The task
Would you please retype, exactly, the lines of the listing below between the line with "Elektryczny Młynek Do" and the line with "316SS Coupling Iso4144'", inclusive?

Dataset entries
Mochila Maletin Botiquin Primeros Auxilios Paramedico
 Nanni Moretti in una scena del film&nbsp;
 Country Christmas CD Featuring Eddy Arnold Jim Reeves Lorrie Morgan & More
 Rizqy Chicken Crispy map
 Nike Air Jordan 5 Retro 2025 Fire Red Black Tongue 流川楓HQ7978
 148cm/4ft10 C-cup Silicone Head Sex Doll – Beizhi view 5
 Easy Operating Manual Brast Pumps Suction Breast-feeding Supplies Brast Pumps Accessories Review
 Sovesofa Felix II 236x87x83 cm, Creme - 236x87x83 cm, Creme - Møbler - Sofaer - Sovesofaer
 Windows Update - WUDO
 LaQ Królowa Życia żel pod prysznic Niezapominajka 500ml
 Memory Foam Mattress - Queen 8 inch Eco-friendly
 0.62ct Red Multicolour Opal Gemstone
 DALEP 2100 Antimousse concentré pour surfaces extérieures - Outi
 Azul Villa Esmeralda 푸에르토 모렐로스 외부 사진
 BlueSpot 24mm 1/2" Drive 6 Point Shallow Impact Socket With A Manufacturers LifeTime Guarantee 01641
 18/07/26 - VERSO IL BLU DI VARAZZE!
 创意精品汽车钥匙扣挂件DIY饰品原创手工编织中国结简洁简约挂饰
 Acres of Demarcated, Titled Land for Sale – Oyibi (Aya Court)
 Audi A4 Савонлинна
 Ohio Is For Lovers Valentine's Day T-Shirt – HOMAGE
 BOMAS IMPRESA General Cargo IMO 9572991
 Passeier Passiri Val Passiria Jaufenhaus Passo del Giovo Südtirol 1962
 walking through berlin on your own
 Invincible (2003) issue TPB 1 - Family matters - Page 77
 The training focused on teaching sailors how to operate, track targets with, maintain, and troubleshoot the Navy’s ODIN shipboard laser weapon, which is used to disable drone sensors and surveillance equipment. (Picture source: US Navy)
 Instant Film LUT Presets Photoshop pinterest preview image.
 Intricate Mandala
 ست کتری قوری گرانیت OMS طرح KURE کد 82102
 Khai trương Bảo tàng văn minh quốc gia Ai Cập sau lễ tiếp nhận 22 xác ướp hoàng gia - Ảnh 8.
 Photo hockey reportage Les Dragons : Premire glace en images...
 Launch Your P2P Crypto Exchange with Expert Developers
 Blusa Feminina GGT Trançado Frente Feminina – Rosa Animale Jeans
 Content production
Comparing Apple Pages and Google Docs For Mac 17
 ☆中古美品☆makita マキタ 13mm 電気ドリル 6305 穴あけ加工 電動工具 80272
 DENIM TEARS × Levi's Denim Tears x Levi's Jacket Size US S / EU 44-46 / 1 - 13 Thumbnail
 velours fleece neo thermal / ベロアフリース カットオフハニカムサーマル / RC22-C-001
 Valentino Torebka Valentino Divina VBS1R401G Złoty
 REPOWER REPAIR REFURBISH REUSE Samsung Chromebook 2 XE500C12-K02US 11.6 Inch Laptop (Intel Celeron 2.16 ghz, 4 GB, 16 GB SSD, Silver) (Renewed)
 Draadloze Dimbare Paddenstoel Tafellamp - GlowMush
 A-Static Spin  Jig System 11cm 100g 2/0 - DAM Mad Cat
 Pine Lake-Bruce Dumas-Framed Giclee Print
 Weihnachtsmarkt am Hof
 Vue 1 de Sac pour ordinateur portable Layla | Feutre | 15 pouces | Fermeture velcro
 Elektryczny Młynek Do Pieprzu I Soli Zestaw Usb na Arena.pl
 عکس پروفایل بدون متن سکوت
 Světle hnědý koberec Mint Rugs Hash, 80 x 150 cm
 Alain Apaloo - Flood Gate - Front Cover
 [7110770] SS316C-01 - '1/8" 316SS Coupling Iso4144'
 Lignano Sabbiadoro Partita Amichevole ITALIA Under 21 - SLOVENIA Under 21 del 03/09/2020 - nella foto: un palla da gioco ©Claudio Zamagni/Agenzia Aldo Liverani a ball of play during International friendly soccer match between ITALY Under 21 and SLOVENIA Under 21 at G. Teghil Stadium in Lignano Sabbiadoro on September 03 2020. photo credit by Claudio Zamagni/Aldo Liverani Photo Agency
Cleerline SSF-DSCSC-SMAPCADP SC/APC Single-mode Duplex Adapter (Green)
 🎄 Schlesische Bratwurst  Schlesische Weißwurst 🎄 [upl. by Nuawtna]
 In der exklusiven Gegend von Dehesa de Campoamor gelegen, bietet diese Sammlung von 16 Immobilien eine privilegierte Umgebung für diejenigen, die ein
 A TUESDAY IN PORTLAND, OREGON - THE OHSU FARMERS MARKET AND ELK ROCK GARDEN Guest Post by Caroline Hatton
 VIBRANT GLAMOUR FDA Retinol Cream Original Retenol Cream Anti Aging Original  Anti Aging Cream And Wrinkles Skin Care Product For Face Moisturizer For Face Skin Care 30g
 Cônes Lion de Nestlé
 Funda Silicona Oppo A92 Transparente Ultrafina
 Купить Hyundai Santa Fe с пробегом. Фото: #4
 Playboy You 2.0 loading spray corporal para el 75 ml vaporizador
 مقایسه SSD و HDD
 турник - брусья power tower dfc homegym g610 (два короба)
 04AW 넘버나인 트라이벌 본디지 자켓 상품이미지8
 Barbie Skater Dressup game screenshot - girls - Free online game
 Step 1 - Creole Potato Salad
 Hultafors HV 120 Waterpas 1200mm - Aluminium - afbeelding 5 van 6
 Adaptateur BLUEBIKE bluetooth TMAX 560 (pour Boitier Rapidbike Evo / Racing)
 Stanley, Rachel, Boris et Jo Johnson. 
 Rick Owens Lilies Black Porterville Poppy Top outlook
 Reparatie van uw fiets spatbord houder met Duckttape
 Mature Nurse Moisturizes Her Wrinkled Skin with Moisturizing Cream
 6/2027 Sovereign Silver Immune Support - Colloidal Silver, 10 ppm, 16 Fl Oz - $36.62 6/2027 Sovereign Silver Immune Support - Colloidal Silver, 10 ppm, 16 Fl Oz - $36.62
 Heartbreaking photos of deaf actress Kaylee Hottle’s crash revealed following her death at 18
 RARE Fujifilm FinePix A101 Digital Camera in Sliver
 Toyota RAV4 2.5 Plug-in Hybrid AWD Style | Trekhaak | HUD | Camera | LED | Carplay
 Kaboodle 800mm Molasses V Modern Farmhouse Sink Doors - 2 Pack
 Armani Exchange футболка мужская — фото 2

Answer to the problem
 Elektryczny Młynek Do Pieprzu I Soli Zestaw Usb na Arena.pl
 عکس پروفایل بدون متن سکوت
 Světle hnědý koberec Mint Rugs Hash, 80 x 150 cm
 Alain Apaloo - Flood Gate - Front Cover
 [7110770] SS316C-01 - '1/8" 316SS Coupling Iso4144'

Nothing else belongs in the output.